When the script doesn't work
DJ asks in the comments of Friday’s post:
As Seth said, great reminder. For those that have great processes/channels in place, I’ve found incredible success. However, sometimes I’ve found my answer on Twitter (i.e., @godaddyguy). Also, there have been times where I’ve gone through the script (i.e., shaw.ca) and have never heard back. What then?
This is the reason ISP relations folks get paid the big bucks, DJ! To sort these kinds of problems out.
Generally, if I’m having problems getting a response from an ISP, and a client is having problems delivering mail I sit down with the client to have a discussion about how important that domain is. We look at data including percentage of addresses on the list affected by the block and the monetary value of those addresses on the list. If the client decides that this is a block worth getting lifted then we try to determine the type of block. Content based blocks are different than URL based blocks are different than IP based blocks.
If we decide the block is probably content or URL based then we start making changes to the email to see if that resolves the issue. Most of these kinds of blocks are “bucket” blocks and tweaking things can often keep the bucket from overflowing. Senders have quite a bit of control over what is happening for this type of block, and usually can restart email delivery without contacting the ISPs just by changing how they send email.
If the block is IP based, that’s a little harder to resolve without ISP involvement, but if the block is IP based and the ISP does not respond to requests for help, then that itself is a very telling piece of data. It usually means that something the sender has done has convinced the ISP that the sender is a spammer. The ISP isn’t interested in resolving the issue. If the ISP is large, this can be a problem for the sender and may take enlisting the help of a 3rd party to act as an independent negotiation. If the ISP (or domain) is small, the sender may find it easier to write off those recipients and just ignore the block.

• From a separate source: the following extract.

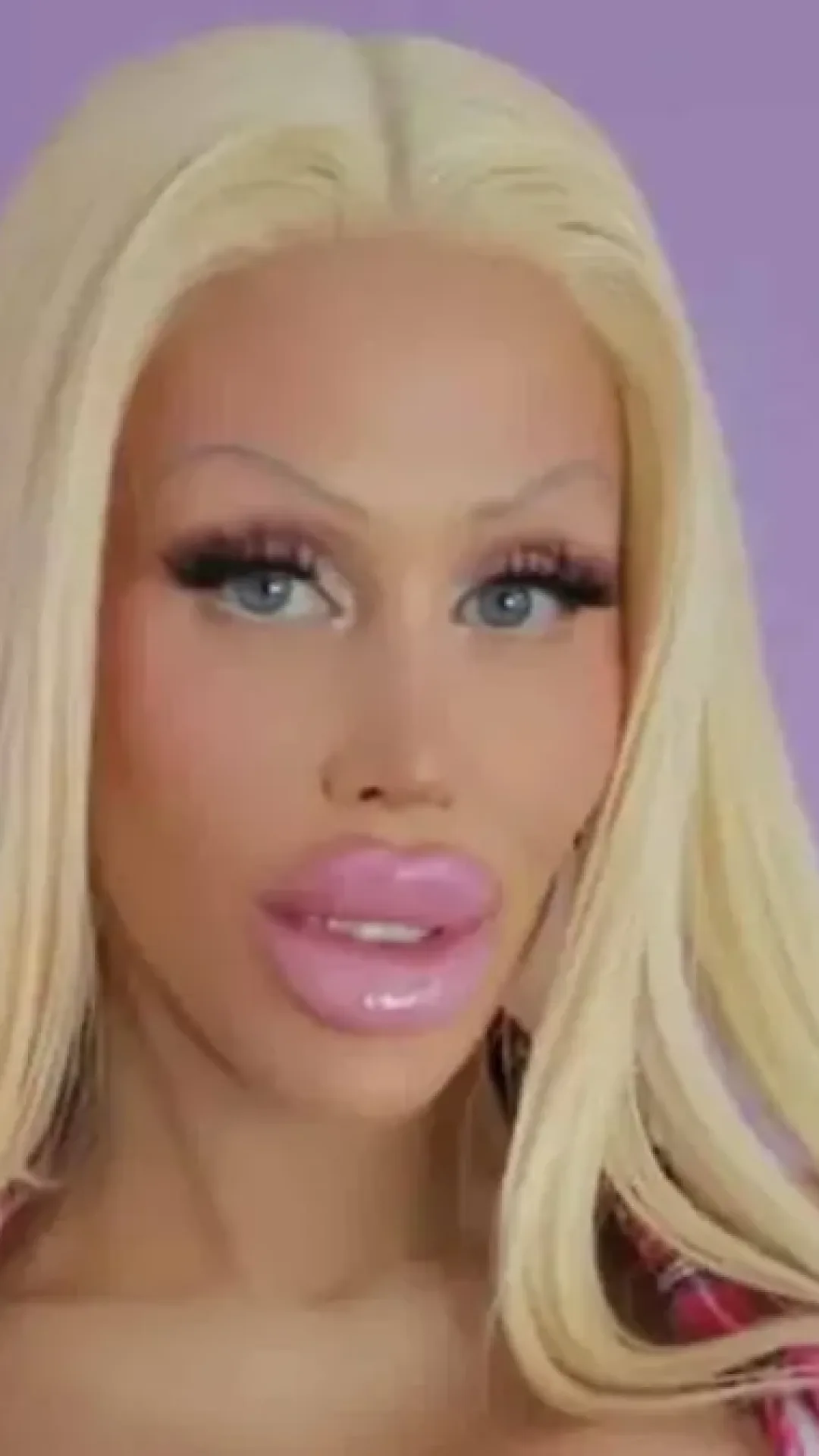Imagem chocante mostra como era a mulher que gastou R$ 1,8 milhão para se transformar na Barbie antes das cirurgias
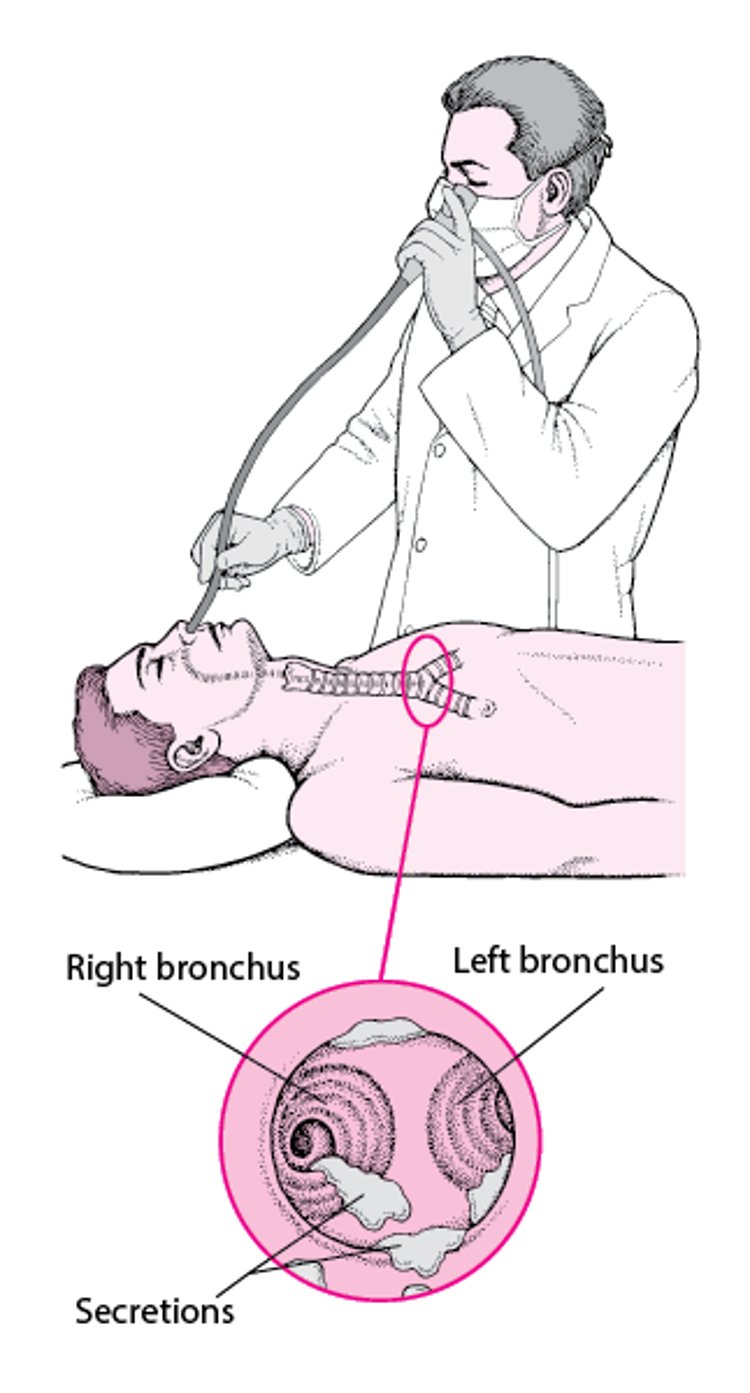 Understanding Flexible Bronchoscopy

My client base is a mix of issues. Some of them get advice from me and blocks get resolved without having to contact the ISP at all. For those who have hard blocks and ISPs won’t talk to them, most of my time is spent collecting data from the ISPs and providing the client with a roadmap to externally visible changes. Once the changes are implemented, then I approach the ISP on their behalf. Usually, if there are real changes in sending, the ISPs are much more likely to listen, whether I’m using their scripts or using a backchannel.